老了!伍子胥在心里第一次感到人生的无助。生命的意义似乎在这一刻停止了,虽然鼻孔的气息还在分分秒秒地进出,可是生命之魂魄却没有安身立命的场所了。

沉默沉默沉默!沉默中的伍子胥突然拔出剑,把吴王夫差吓了一跳,这个疯子难不成想弑君吗?可是伍子胥没有移动脚步,似乎陷于沉思。夫差明白了,老家伙想自裁了。下意识里,夫差命令左右上前,制止了老将军非理性的冲动。

与其说夫差因为关爱而挽救伍子胥,不如说他不想让血溅宫廷这种晦气冲走了胜利的喜气。不是仁慈,而是迷信。

可是有人却想置伍子胥于死地。

伯嚭视伍子胥为眼中钉,权力与富贵,总是容易让人忘记旧日曾受过的恩情。如果没有当年伍子胥的极力推荐,伯嚭如何能一步步地走上权力之巅呢?只是一向识人的伍子胥,这回却看走眼了。他只看重伯嚭的才华,却没有看清他阴险的一面。为了权力,伯嚭不惜降低人格,以溜须拍马奉承的手段取得夫差的信任。满朝之中,敢于叫板的只剩下伍子胥了。
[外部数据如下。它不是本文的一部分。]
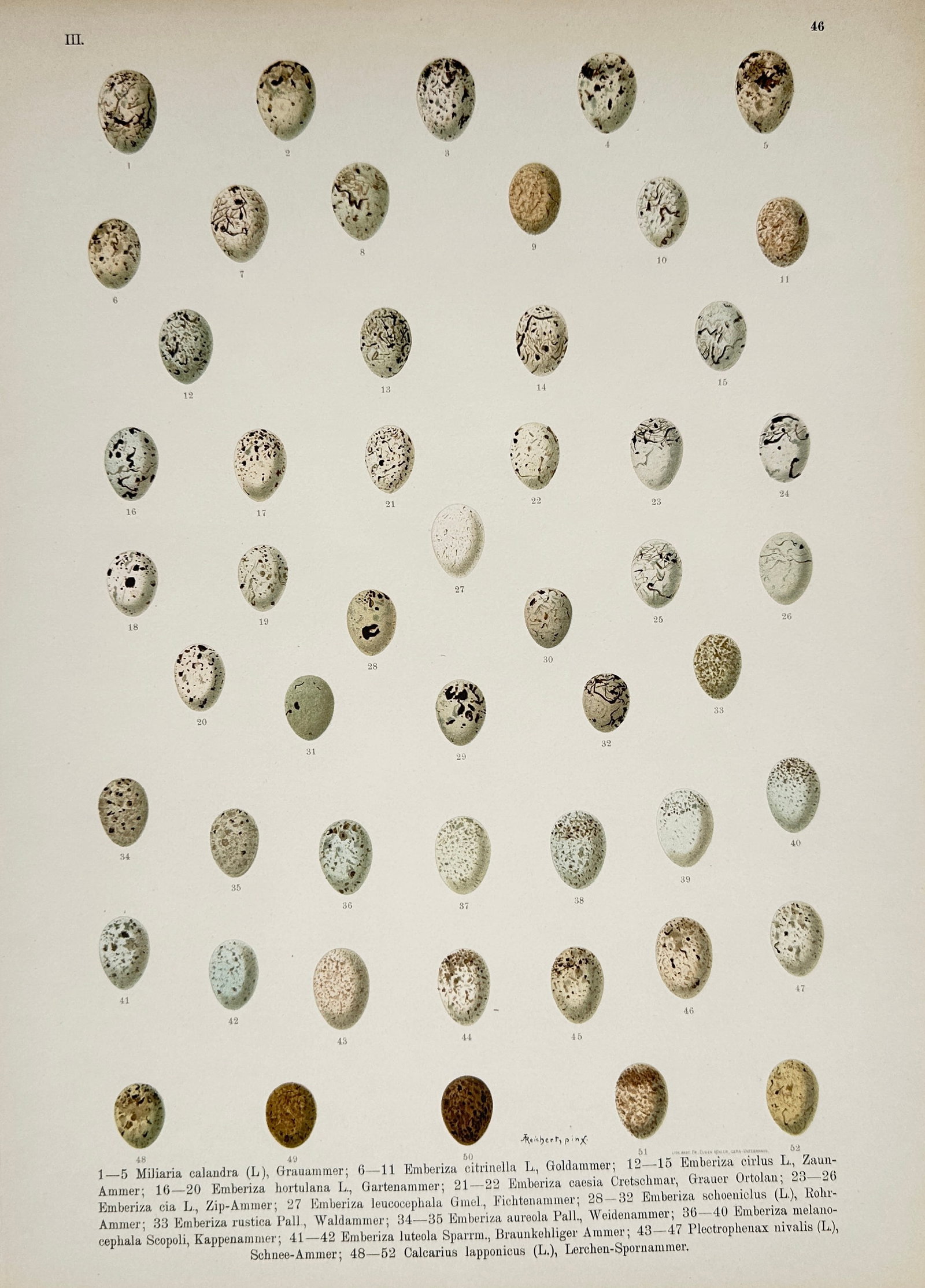 Johann Andreas Naumann – Corn Bunting and Yellowhammer Eggs – Lithograph (19th Century): "Miliaria Calandra and Emberiza Citrinella" features a broad overview of numerous bird egg specimens showing distinct speckled patterns, colorations, and sizes arranged in orderly rows. This oological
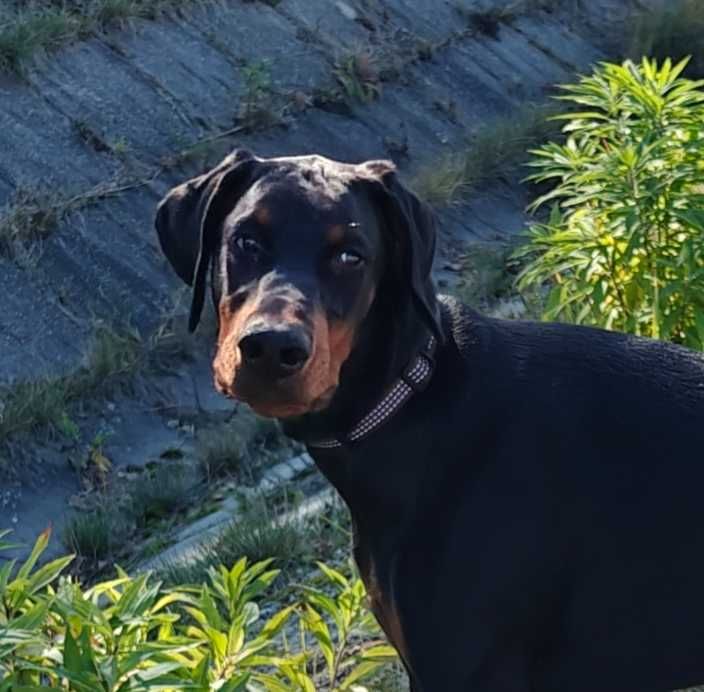 Samiec dobermana po Championie z bardzo dobrym rodowodem ZKwP (FCI)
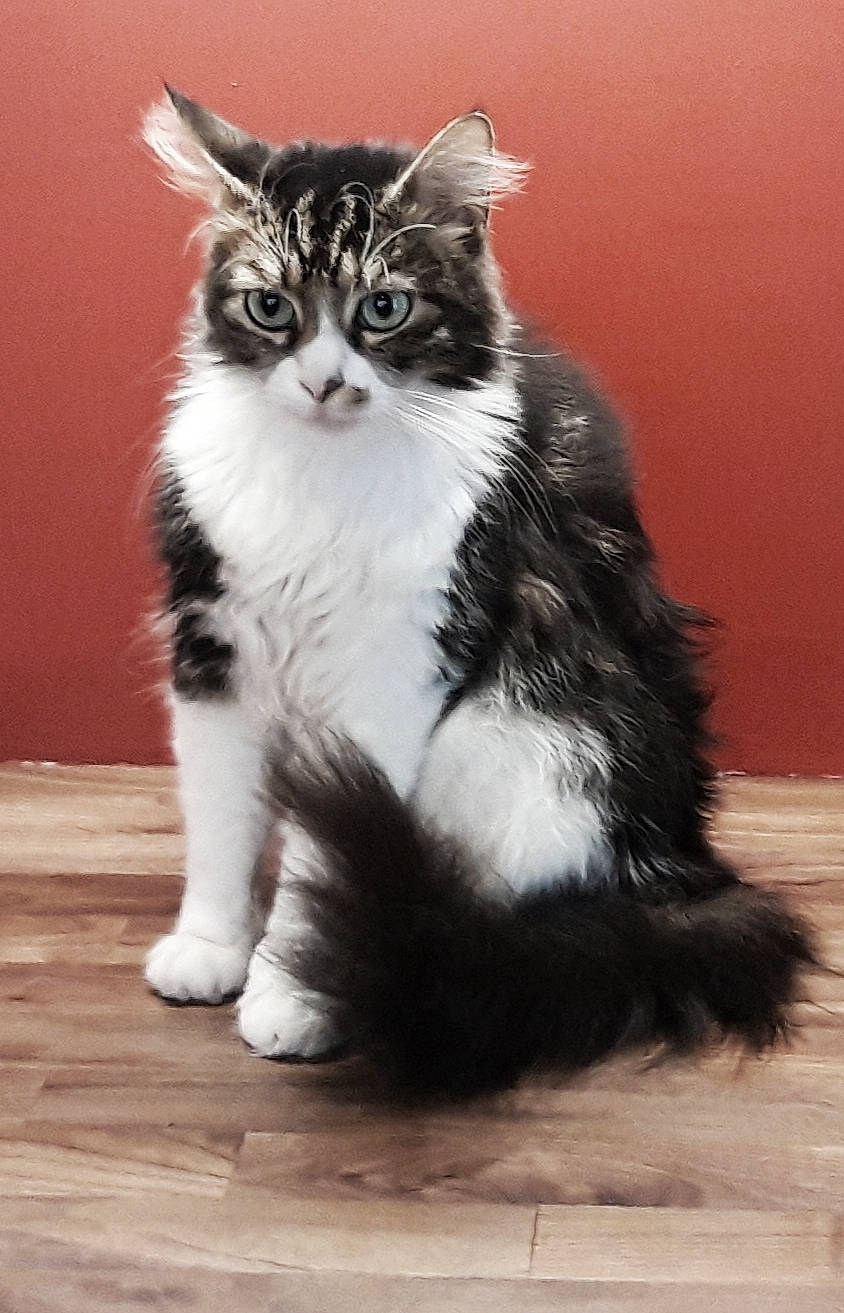 Sunday participe au concours pour gagner de l'argent avec cette photo : american_curl, american_wirehair, british_semi_longhair, carnivore, cat, cymric, domestic_long_haired_cat, domestic_short_haired_cat, felidae, kitten, maine_coon, mammal, norwegian_forest_cat, polydactyl_cat, ragamuffin, siberian, small_to_medium_sized_cats, tail, vertebrate, whiskers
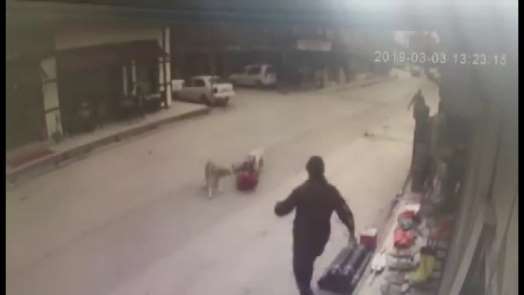 Köpeklerin saldırısına uğrayan çocuğu esnaf kurtardı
在伯嚭看来,伍子胥最大的缺点在于他不懂得如何讨好君主。你就说伐齐这件事吧,夫差在艾陵之战中大获全胜,可是伍子胥说什么呢?“不要高兴得太早了。”这是多么傻的人啊,说几句好话会死人吗?

一个人有弱点,就容易对付了。伍子胥得罪夫差那么多次,藐视国君,可是为什么夫差还能容忍呢?要知道伍子胥的地位并不是靠拍马屁得来的,而是实实在在的埋头苦干。夫差也不是傻瓜,他总算还明白一件事,即伍子胥这个人说白了,就是忠厚耿直。脾气不好,但还算忠诚。如果说以前因为勾践的事情,夫差还能放任伍子胥,那么这次反对伐齐,肯定着着实实地把夫差气坏了。

奸佞之辈最善于察言观色,伯嚭不失时机地进谗,从往至今地细数伍子胥的恶行。他的言辞显然是经过精心设计的,第一句便是:“大王以为伍子胥是个忠厚之人,可其实他是个残忍的人。”要知道忠厚是夫差容忍伍子胥的底线,而伯嚭却要一举攻破这条底线。吴王夫差听了不禁一怔,伯嚭不露声色继续说道:“当年伍子胥的父亲和哥哥被逮捕,伍子胥弃之不顾,自己一个人逃跑了。这种人,大王以为他会为您竭忠尽力吗?”

父兄都不顾的人,会顾及君王吗?这些话像是一支战车部队的冲击,动摇了夫差的心理底线。伯嚭又进攻夫差心灵深处的另一痛处:“大王想攻打齐国,伍子胥拼命劝阻。可是结果怎么样呢?大王大获全胜。可是他认错了吗?不仅不认错,反倒在心里埋怨大王了。”精确制导的言辞攻击,又一次击中目标了。

这些话,把夫差那种难受的心理又调动起来,暴怒之火又燃烧了。可是伯嚭的进攻还未结束,他要彻底颠覆伍子胥的形象,他郑重地警告夫差:“大王不可不防伍子胥,他一定会作乱的。”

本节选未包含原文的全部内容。